La décision de refus d’inscription prise sur le fondement de ce règlement est annulée par le Tribunal administratif de Besançon qui érige le droit d’être inscrit à la cantine scolaire en droit absolu (TA Besançon, 7 décembre 2017 : n°1701724 – Observatoire Smacl).

L’article L.131-13 du code de l’éducation résultant de la loi du 27 janvier 2017 relative à l’égalité et à la citoyenneté consacre en effet un droit à l’inscription à la cantine lorsque ce service existe :

« L’inscription à la cantine des écoles primaires, lorsque ce service existe, est un droit pour tous les enfants scolarisés. Il ne peut être établi aucune discrimination selon leur situation ou celle de leur famille » .

En se fondant sur ces dispositions, le tribunal administratif avait conclu que :

« les personnes publiques ayant choisi de créer un service de restauration scolaire pour les écoles primaires dont elles ont la charge sont tenues de garantir à chaque élève le droit d’y être inscrit ».

Par conséquent, il appartient aux collectivités d’adapter et de proportionner le service à cette fin, un refus d’inscription ne peut être opposé au motif de l’absence de places disponibles, et ce, même si le dossier d’inscription a été déposé par les parents hors délai.

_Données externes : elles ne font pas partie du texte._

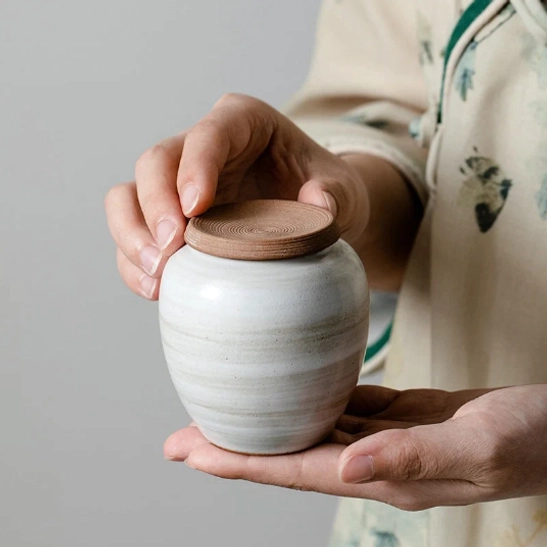 full product view of compact white ceramic tea storage canister with brown lid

La décision avait été confirmée par un arrêt de la cour administrative d’appel de Nancy du 5 février 2019 (n°18NC00237) contre lequel la commune s’est pourvue en cassation.

Le Conseil d’Etat désavoue les premiers juges en interprétant différemment et d’une manière plus souple les dispositions de l’article L.131-13 du code de l’éducation.

Pour la Haute juridiction, le législateur a entendu rappeler par ces dispositions deux principes fondamentaux que doivent respecter les collectivités dès lors que le service de restauration existe (le service public de la restauration scolaire étant un service public facultatif) :
  le principe de l’intérêt général « qui s’attache à ce que tous les élèves puissent bénéficier de ce service public »,
  le principe d’égalité qui interdit tout refus d’inscription d’un élève sur un fondement contraire à ce principe.

Toutefois, l’article L.131-13 du code de l’éducation ne crée pas une obligation pour les collectivités d’inscrire un élève dès lors que le service n’a pas la capacité de l’accueillir (absence de places disponibles).

Les dispositions de l’article L.131-13 du code de l’éducation « ne font pas obstacle à ce que les collectivités territoriales puissent légalement refuser d’y admettre un élève lorsque, à la date de leur décision, la capacité maximale d’accueil de ce service public est atteinte ».

Le Conseil d’Etat fait le choix d’une solution pragmatique plus adaptée aux difficultés que peuvent rencontrer les collectivités.

L’affaire devra être rejugée par la cour administrative d’appel de Nancy.